(Records provided begins)

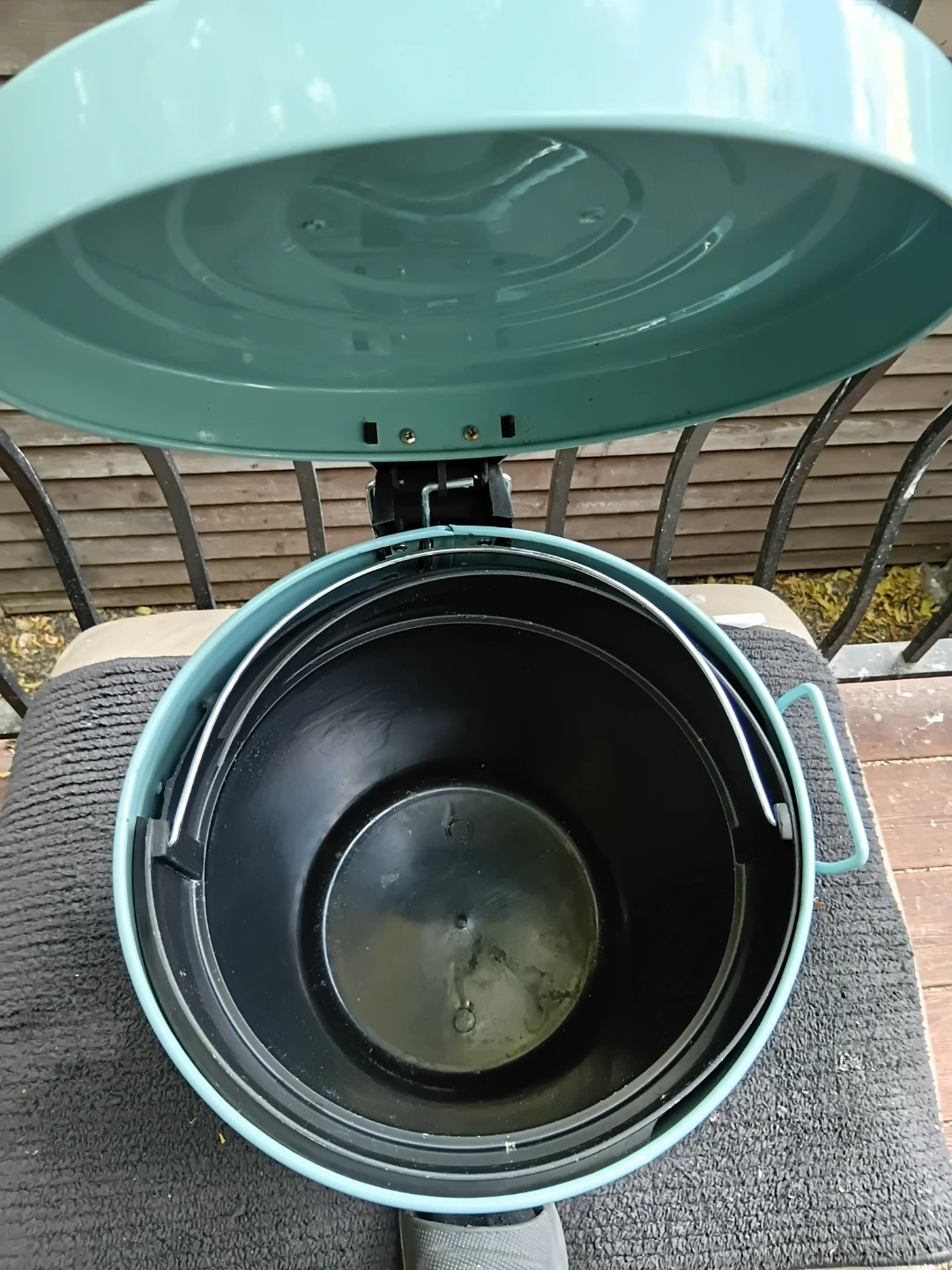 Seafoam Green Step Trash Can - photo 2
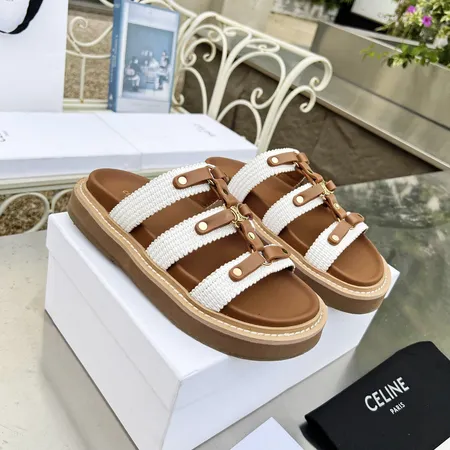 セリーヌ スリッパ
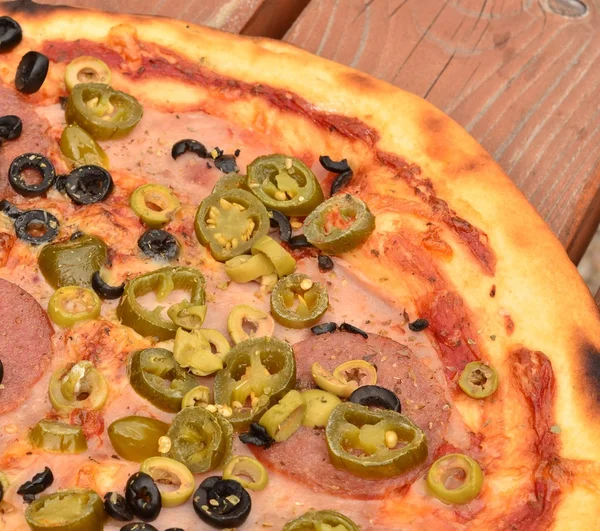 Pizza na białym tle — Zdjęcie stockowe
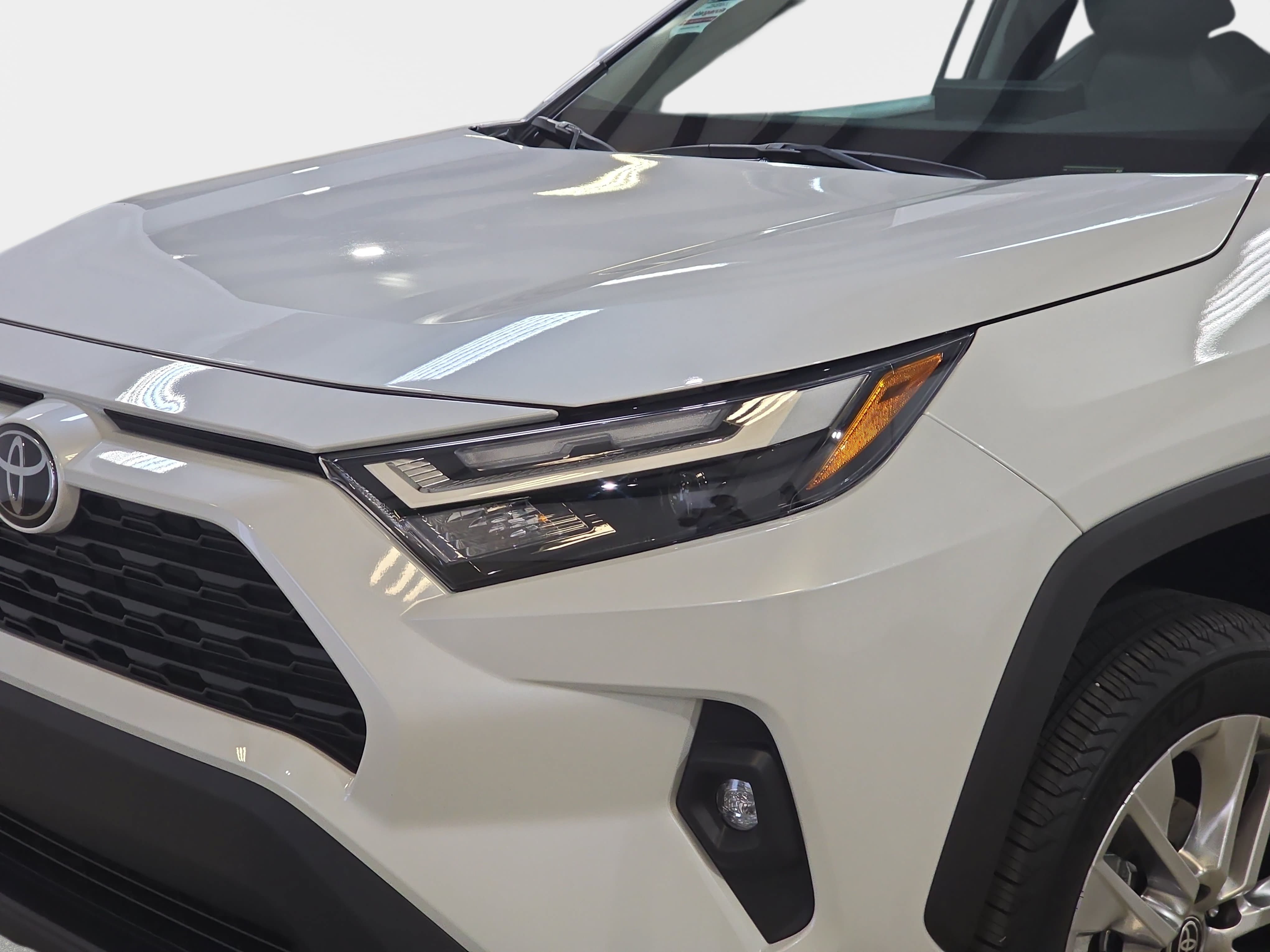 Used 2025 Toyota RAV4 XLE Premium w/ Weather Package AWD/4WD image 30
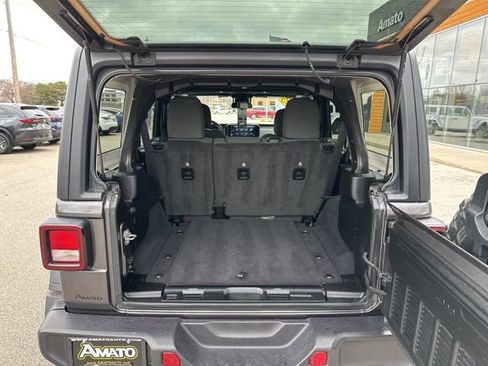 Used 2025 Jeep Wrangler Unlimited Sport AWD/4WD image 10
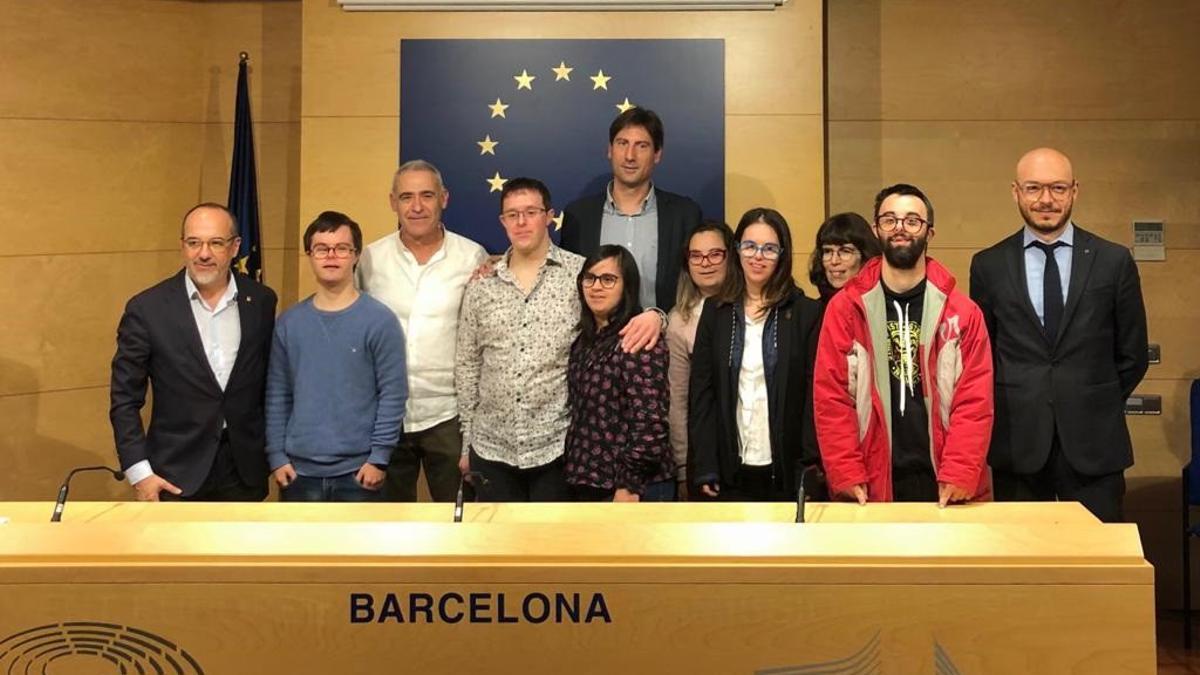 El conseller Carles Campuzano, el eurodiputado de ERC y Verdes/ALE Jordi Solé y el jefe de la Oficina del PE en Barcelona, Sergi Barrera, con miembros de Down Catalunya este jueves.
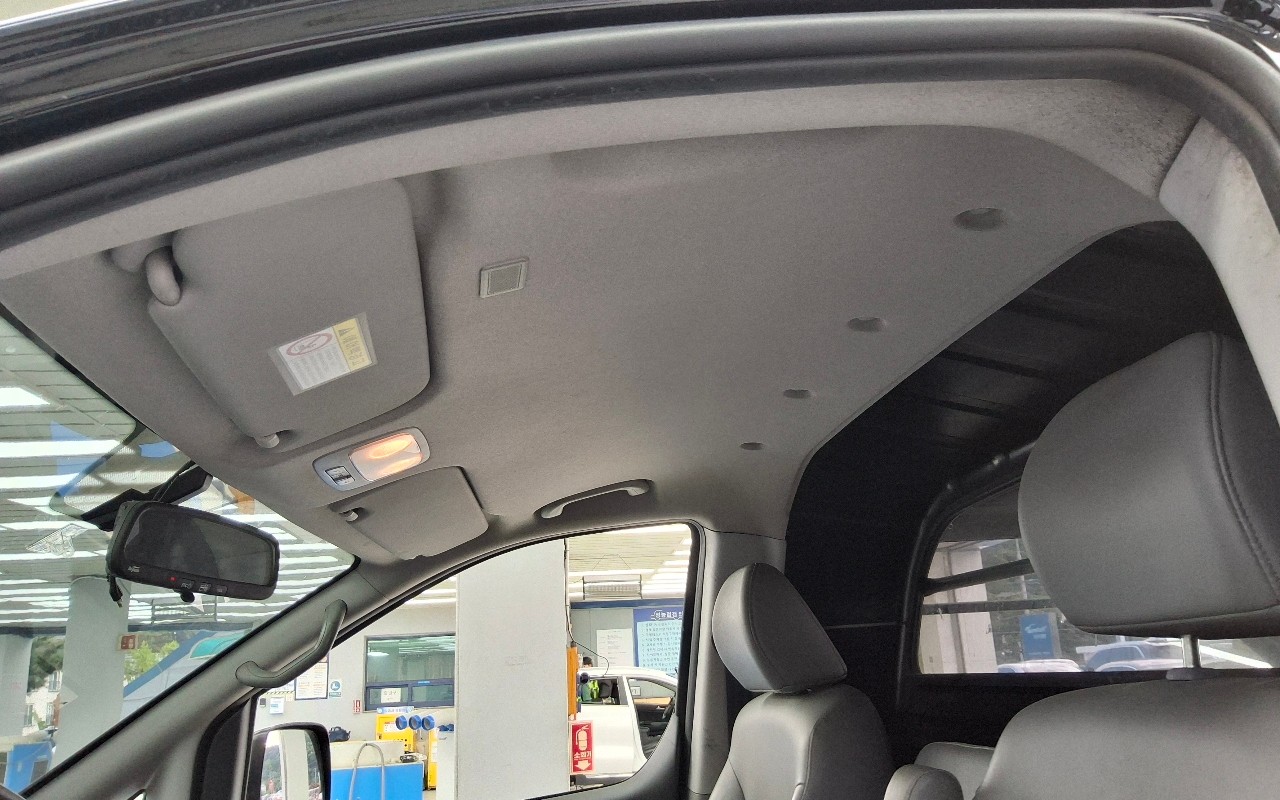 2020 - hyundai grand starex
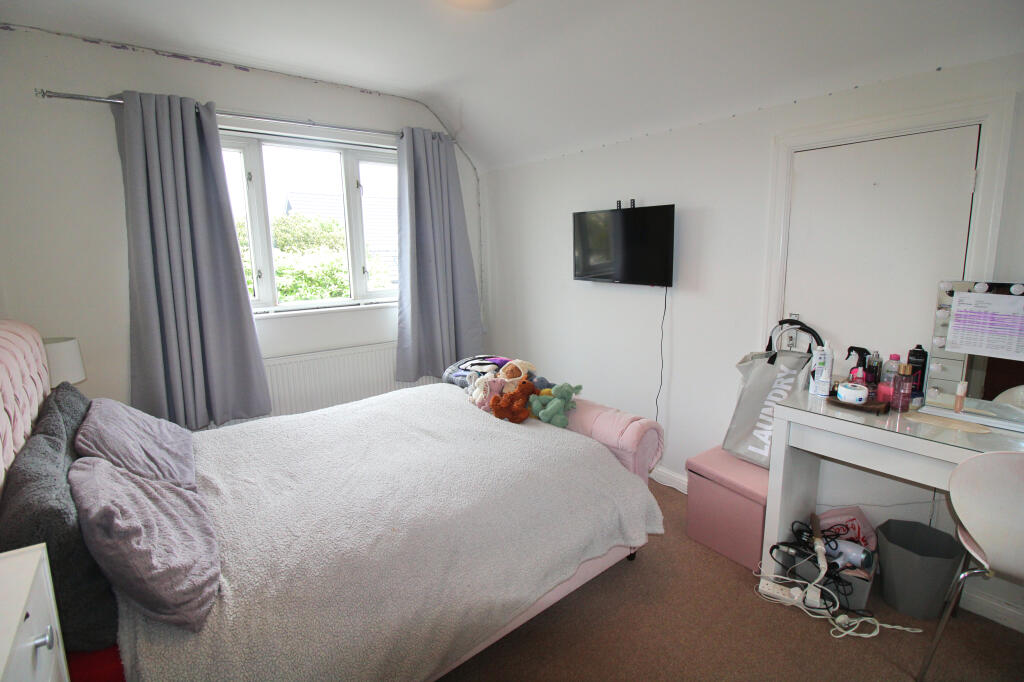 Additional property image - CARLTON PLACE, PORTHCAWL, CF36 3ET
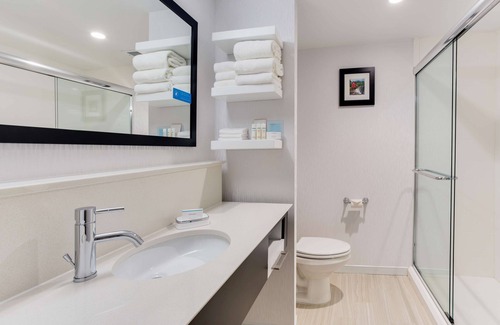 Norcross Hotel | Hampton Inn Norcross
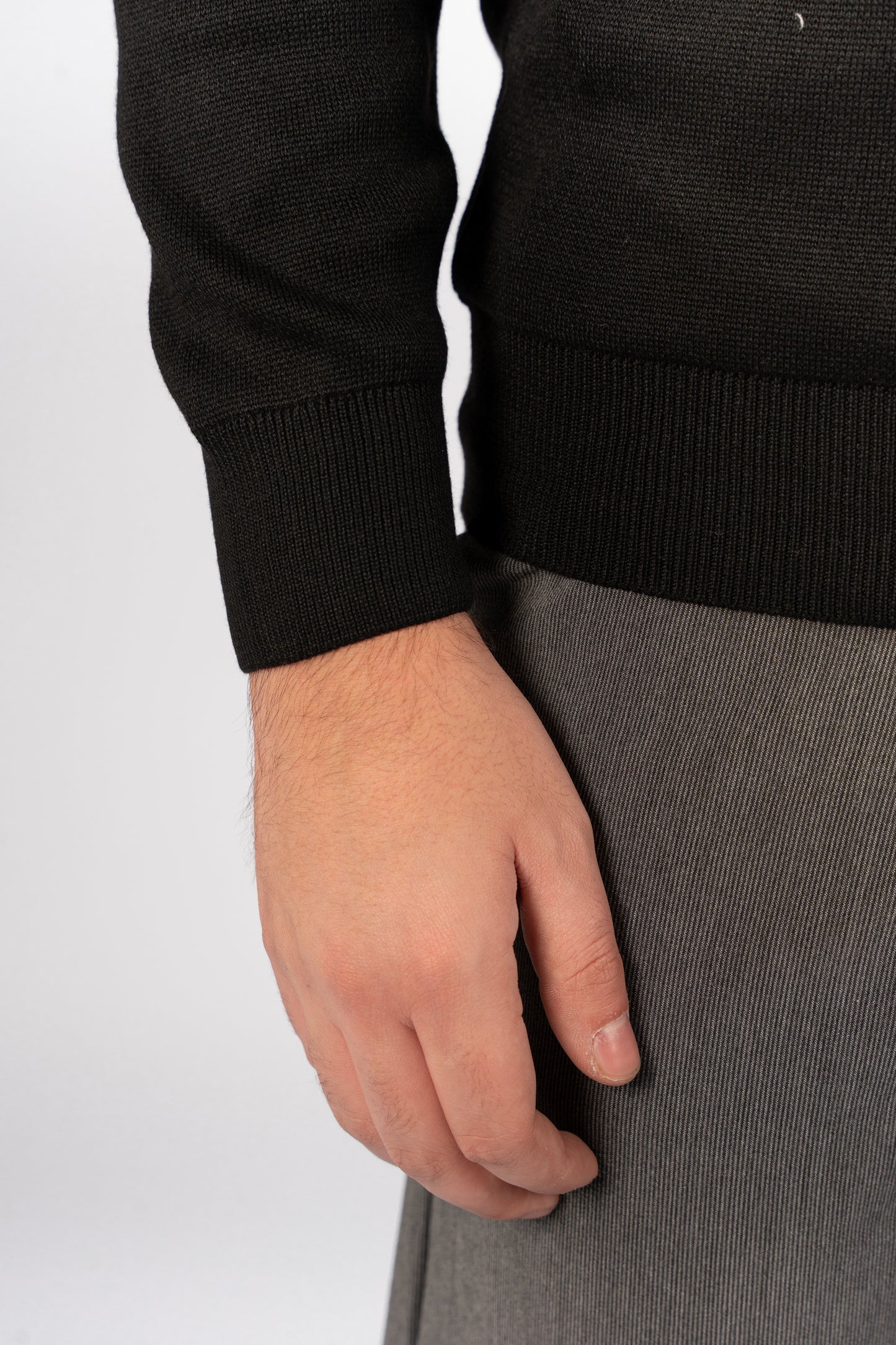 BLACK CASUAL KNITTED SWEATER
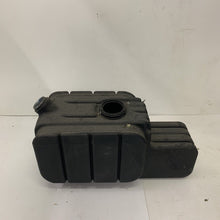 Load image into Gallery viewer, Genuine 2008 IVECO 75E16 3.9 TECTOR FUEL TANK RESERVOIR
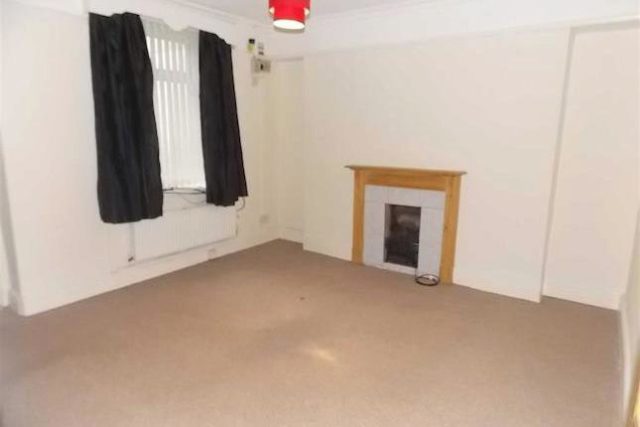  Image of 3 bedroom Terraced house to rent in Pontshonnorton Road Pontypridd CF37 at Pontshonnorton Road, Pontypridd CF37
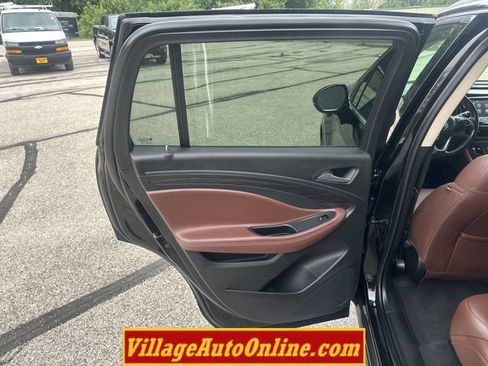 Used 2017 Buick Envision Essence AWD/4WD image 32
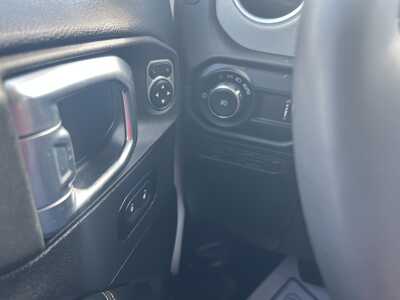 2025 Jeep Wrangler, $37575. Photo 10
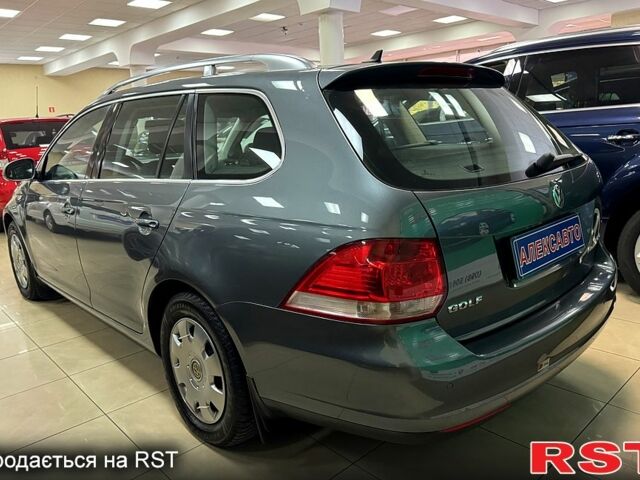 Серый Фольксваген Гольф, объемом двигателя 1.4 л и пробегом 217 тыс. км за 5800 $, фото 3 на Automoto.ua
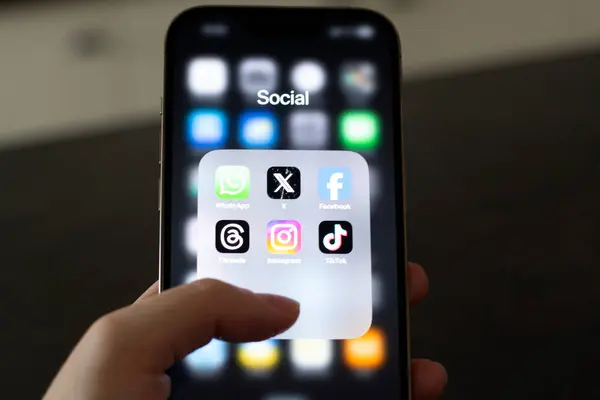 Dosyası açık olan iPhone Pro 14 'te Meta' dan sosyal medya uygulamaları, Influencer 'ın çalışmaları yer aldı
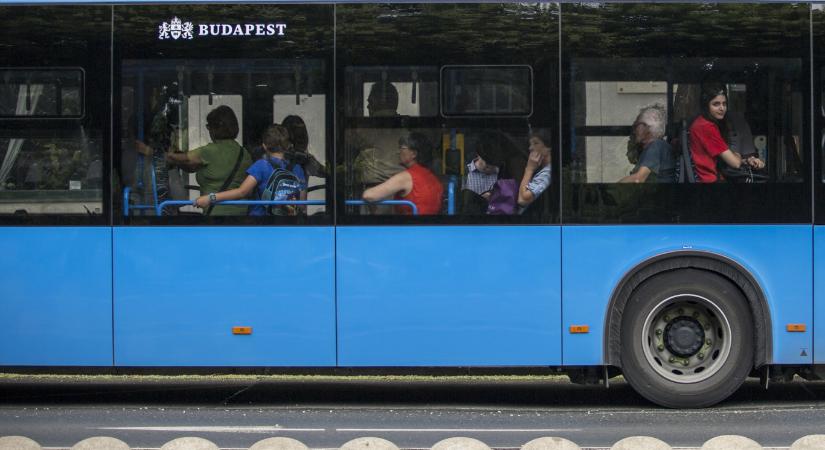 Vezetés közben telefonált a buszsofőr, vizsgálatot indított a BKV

(Records provided ends)

Task goal
Your answer must be the lines from the one containing "El conseller Carles" through the final line of the entries, duplicated exactly, with both ends kept and all pictures left out.

Result of the task
 El conseller Carles Campuzano, el eurodiputado de ERC y Verdes/ALE Jordi Solé y el jefe de la Oficina del PE en Barcelona, Sergi Barrera, con miembros de Down Catalunya este jueves.
 2020 - hyundai grand starex
 Additional property image - CARLTON PLACE, PORTHCAWL, CF36 3ET
 Norcross Hotel | Hampton Inn Norcross
 BLACK CASUAL KNITTED SWEATER
 Load image into Gallery viewer, Genuine 2008 IVECO 75E16 3.9 TECTOR FUEL TANK RESERVOIR
  Image of 3 bedroom Terraced house to rent in Pontshonnorton Road Pontypridd CF37 at Pontshonnorton Road, Pontypridd CF37
 Used 2017 Buick Envision Essence AWD/4WD image 32
 2025 Jeep Wrangler, $37575. Photo 10
 Серый Фольксваген Гольф, объемом двигателя 1.4 л и пробегом 217 тыс. км за 5800 $, фото 3 на Automoto.ua
 Dosyası açık olan iPhone Pro 14 'te Meta' dan sosyal medya uygulamaları, Influencer 'ın çalışmaları yer aldı
 Vezetés közben telefonált a buszsofőr, vizsgálatot indított a BKV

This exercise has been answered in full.